David A. Segal, a state representative from Rhode Island, has introduced legislation that would create a do-not-mail registry in the state, similar to the federal do-not-call list.
Rhode Island now joins other states that have introduced no-mail bills including Connecticut, Hawaii, Michigan, Missouri, New York, Texas, Vermont and Washington. Several other bills – in New York, Virginia, New Jersey and Washington – offer related measures, such as the creation of a do-not-mail registry of certain senior citizens and people with mental illness and a ban on mailing credit-card solicitations to people under 21 years.
“There are a lot of people who would prefer not to have their mailboxes bombarded with ads and other unwanted mail,” Rep. Segal, a Democrat whose district is in Providence and East Providence, said in a statement. “For many, it’s a matter of privacy or simply not wanting to waste their time and energy sorting through ads. But [advertising] mail also accounts for an incredible amount of waste, both when it’s created and when it’s thrown away.”
The bill is similar to other state bills. It requires a list administrator, contracted through the Public Utilities Commission, to develop and continually update a list of all Rhode Islanders who wish to opt out of receiving unsolicited commercial mail.
Like the other states’ bill, any company wishing to send unsolicited mail to Rhode Islanders would be required to buy an updated copy of the opt-out registry from the state and remove anyone on it from its own mailing list under the bill.
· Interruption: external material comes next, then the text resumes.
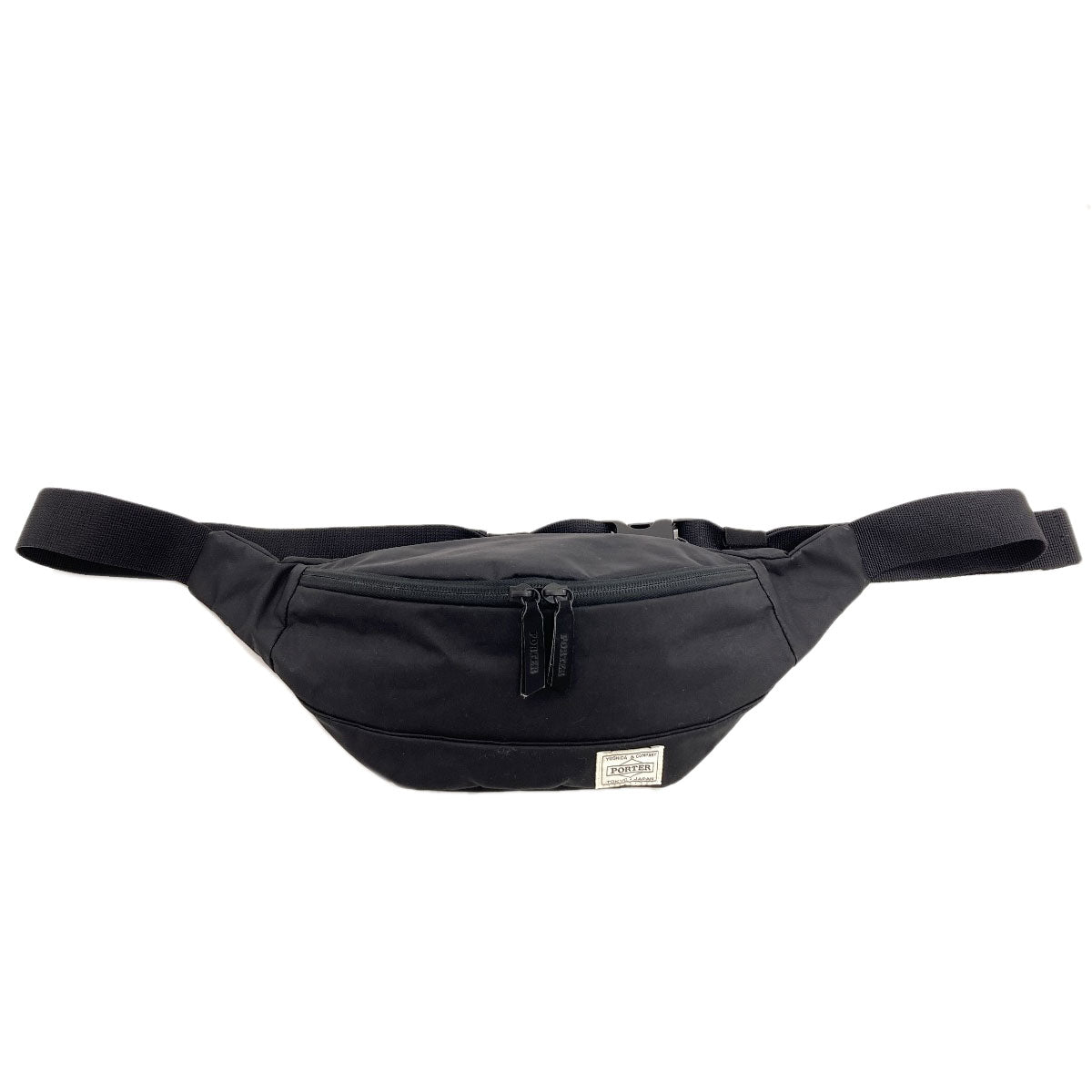 PORTER logo body bag Nylon Ladies [Used]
Anyone who is on the opt-out registry and receives unsolicited mail would be allowed to sue the sender and collect a $500 civil penalty.
The state attorney general would be authorized to take action against repeat offenders for civil penalties and injunctive relief.
Like the bills introduced in other statehouses, charities, political organizations and companies with whom a recipient has an established business relationship would be exempt from the law, though the legislation urges them to comply voluntarily. The bill also exempts small businesses of three or fewer employees.
The direct mail community is keeping a close eye on do-not-mail bills that have been introduced to state legislatures this year in hopes that passage of the bills is blocked.
The Direct Marketing Association, for example, is working with its state lobbyists and the Mail Moves America Coalition to educate consumers and states. The coalition, spearheaded by the DMA, is comprised of major mailing associations and other groups.